A War on Children


At the end of 1998, the United States once again rained bombs on the people of Iraq. But even when the bombs stop falling, the U.S. war against the people of Iraq continues through harsh economic sanctions. This is a call to action to end all the war.

This month U.S. policy will kill 4,500 children under the age of five in Iraq, according to United Nations studies, just as it did last month and the month before that, all the way back to 1991. Since the end of the Gulf War, hundreds of thousands — maybe more than one million — Iraqis have died as a direct result of the U.N. sanctions on Iraq, which are a direct result of U.S. policy.

This is not foreign policy — it is sanctioned mass murder that is nearing holocaust proportions. If we remain silent, we are condoning a genocide that is being perpetrated in the name of peace in the Middle East, a mass slaughter that is being perpetrated in our name. The time has come for a call to action to people of conscience. We are past the point where silence is passive consent — when a crime reaches these proportions, silence is complicity. There are several tasks ahead of us.

First, we must organize and make this issue a priority, just as Americans organized to stop the war in Vietnam, and to protest U.S. policies in Central America and South Africa. We need a national campaign to lift the sanctions. This kind of work has already begun, and those efforts need our help. For the past several years, individuals and groups have been delivering medicine and other supplies to Iraq in defiance of the U.S. blockade. Now, members of one of those groups, Voices in the Wilderness, which is based in Chicago, have been threatened with large fines by the federal government for “exportation of donated goods, including medical supplies and toys, to Iraq absent specific prior authorization.” Our government is harassing a peace group that takes medicine and toys to dying children; we owe these courageous activists our support.

Such a campaign is not equivalent to support for the regime of Saddam Hussein. To oppose the sanctions is to support the Iraqi people. The Iraqi people are suffering because of the actions of both the Iraqi and U.S. governments, but our moral responsibility lies here in the United States, to counter the hypocrisy and inhumanity of our leaders.

There is a second embargo — the mainstream media’s virtual embargo on news of the effects of the sanctions. For the most part, the American people do not know what evil is being carried out in our name. We must continue to apply pressure on journalists at all levels — from our local papers to the network news — to cover this tragedy. We should overwhelm media outlets with letters to the editor and pressure journalists to cover the story.

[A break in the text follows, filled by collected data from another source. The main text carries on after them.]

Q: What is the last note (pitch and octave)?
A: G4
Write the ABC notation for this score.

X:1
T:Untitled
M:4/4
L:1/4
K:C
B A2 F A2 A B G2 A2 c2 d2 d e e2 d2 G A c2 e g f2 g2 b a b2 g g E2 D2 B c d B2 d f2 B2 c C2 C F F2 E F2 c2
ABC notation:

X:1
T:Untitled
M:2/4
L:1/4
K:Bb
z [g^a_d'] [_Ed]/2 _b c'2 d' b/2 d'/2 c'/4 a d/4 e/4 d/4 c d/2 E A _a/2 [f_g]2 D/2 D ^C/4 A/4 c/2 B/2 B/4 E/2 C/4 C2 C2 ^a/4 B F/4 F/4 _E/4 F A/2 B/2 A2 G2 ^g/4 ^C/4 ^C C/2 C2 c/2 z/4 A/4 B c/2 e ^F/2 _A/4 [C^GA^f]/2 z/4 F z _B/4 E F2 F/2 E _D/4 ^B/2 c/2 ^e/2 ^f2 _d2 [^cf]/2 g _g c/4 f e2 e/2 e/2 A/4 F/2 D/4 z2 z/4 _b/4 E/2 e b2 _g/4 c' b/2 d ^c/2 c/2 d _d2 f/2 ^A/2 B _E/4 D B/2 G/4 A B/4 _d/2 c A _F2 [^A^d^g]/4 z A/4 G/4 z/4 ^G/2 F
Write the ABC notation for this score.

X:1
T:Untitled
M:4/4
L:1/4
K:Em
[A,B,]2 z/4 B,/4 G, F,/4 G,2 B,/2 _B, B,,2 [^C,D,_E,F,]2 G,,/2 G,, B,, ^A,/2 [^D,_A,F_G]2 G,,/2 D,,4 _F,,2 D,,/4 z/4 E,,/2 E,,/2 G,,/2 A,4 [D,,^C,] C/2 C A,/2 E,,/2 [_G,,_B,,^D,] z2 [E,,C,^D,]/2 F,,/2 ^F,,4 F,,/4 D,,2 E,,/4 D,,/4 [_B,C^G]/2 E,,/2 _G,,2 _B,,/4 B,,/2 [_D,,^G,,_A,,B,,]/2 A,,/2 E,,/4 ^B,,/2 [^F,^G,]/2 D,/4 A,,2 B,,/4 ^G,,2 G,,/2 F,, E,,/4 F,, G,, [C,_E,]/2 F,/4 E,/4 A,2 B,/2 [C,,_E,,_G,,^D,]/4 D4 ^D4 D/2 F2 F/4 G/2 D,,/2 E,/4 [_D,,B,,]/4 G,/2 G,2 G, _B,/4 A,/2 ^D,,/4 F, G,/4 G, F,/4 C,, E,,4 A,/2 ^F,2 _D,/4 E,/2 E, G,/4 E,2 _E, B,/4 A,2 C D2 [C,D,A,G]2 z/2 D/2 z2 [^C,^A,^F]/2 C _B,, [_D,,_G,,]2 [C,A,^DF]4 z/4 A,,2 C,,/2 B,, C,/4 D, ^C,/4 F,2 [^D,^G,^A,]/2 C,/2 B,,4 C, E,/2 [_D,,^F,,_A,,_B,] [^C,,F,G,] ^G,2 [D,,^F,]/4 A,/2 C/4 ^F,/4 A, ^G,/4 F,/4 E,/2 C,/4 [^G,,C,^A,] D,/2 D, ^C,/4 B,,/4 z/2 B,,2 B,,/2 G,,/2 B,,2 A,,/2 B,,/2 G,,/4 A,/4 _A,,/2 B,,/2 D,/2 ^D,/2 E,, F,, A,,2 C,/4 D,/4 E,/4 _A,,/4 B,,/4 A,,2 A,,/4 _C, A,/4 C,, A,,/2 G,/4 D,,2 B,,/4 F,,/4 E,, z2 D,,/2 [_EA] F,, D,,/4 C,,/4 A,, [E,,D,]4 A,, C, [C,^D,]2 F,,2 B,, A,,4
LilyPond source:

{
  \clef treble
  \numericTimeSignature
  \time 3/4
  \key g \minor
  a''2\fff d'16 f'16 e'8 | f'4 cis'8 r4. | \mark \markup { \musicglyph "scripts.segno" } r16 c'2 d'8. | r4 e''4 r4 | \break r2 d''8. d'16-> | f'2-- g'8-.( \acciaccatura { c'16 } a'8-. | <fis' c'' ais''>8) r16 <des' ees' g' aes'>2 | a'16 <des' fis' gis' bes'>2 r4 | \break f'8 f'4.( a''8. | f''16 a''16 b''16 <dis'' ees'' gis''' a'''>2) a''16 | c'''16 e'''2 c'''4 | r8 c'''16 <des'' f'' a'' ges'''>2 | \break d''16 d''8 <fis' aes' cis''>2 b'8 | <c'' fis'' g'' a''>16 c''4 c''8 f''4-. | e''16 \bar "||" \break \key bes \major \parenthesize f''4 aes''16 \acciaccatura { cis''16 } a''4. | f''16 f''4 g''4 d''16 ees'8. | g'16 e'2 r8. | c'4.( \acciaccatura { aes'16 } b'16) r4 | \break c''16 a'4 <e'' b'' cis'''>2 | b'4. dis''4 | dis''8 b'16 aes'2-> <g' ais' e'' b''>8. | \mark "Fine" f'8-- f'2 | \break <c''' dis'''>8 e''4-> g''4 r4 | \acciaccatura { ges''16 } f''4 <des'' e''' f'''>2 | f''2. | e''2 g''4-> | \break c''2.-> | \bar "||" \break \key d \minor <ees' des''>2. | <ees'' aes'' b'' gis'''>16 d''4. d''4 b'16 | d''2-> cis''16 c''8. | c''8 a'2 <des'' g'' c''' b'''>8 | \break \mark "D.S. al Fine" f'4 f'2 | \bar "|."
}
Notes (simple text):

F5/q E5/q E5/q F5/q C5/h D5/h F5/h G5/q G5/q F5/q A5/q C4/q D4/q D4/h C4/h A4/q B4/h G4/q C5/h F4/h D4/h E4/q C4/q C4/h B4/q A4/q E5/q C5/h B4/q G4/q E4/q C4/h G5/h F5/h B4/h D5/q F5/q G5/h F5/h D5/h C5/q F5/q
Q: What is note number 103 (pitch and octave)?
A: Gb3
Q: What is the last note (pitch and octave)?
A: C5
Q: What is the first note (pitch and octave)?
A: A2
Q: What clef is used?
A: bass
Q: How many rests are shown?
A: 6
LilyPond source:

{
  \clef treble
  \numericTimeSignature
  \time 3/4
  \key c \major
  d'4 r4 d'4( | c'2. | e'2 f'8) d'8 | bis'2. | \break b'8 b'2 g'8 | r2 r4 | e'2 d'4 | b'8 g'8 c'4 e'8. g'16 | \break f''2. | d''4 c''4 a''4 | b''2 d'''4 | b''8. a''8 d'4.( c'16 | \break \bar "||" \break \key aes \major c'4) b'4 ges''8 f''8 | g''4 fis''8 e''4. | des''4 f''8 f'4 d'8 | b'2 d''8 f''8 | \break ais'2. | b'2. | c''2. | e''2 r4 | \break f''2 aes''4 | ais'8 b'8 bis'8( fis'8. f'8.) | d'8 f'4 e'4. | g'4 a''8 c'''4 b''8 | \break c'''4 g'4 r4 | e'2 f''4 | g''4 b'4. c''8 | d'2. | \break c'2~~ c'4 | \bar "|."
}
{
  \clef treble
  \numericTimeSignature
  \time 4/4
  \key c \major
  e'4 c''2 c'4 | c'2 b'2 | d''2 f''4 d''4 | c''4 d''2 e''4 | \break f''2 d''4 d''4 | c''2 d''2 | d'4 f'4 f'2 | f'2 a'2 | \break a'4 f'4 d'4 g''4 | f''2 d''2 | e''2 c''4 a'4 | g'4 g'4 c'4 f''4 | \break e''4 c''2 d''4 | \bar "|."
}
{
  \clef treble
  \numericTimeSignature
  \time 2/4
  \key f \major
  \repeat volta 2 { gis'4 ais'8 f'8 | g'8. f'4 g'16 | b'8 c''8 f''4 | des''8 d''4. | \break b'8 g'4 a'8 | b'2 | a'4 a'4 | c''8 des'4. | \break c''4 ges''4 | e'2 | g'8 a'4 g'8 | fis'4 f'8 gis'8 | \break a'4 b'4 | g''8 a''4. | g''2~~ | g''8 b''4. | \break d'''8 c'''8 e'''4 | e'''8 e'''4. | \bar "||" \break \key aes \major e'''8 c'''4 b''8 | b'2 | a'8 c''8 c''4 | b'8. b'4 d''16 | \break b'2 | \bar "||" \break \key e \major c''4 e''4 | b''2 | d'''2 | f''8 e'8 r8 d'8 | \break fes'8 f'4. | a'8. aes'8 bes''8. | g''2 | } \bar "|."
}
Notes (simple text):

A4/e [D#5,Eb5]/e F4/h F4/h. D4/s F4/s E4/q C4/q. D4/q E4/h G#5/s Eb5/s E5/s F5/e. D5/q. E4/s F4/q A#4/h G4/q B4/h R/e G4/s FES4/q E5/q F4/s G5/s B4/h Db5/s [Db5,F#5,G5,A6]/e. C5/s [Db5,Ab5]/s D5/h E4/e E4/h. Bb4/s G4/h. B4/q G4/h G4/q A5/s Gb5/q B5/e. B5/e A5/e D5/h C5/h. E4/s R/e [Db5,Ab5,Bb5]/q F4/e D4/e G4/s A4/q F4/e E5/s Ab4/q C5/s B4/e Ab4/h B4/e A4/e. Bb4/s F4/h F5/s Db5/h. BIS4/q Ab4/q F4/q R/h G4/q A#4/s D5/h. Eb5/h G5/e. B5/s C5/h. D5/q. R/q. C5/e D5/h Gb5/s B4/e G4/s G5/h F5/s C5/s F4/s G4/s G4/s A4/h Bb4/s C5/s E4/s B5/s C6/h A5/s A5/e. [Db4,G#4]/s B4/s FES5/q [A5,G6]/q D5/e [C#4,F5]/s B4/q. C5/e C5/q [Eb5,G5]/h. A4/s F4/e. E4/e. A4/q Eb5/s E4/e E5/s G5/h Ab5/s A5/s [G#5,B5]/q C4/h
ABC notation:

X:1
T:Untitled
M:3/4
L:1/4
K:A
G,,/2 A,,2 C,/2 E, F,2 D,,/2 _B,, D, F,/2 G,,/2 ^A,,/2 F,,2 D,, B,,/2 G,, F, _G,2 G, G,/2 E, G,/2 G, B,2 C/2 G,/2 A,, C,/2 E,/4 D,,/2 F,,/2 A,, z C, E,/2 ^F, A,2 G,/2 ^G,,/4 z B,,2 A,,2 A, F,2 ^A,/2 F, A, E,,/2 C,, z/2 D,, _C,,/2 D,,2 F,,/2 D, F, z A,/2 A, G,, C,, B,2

And we must realize this could be a long struggle. Preparations should begin for all possible tactics, including civil disobedience once a sufficient number of people are committed. It is likely that direct action that forces a moral accounting will be necessary.

Whatever else we are doing, we should treat this as an emergency and put it at the top of our agenda. Existing groups can work on the issue, new groups may need to be formed, and national networks need to be built. A good central source of information exists on the web at http://leb.net/IAC/.

Without action by people of conscience, the horrors will go on, the children will continue to die. We must appeal to the fundamental decency and morality of the American people, who will respond if they know what is happening. We must therefore bring this issue, in every way we can, to national attention. The only way to avoid complicity in this crime is to do everything we can, and much more than we have been doing, to end the sanctions on Iraq. This issue must be discussed in every household and every public forum across the country.

— Noam Chomsky, Edward Herman, Edward Said, Howard Zinn

Noam Chomsky is Institute Professor at M.I.T. Edward Herman is a professor at the Wharton School of Business. Edward Said is a professor of literature at Columbia. Howard Zinn is a professor at Boston University.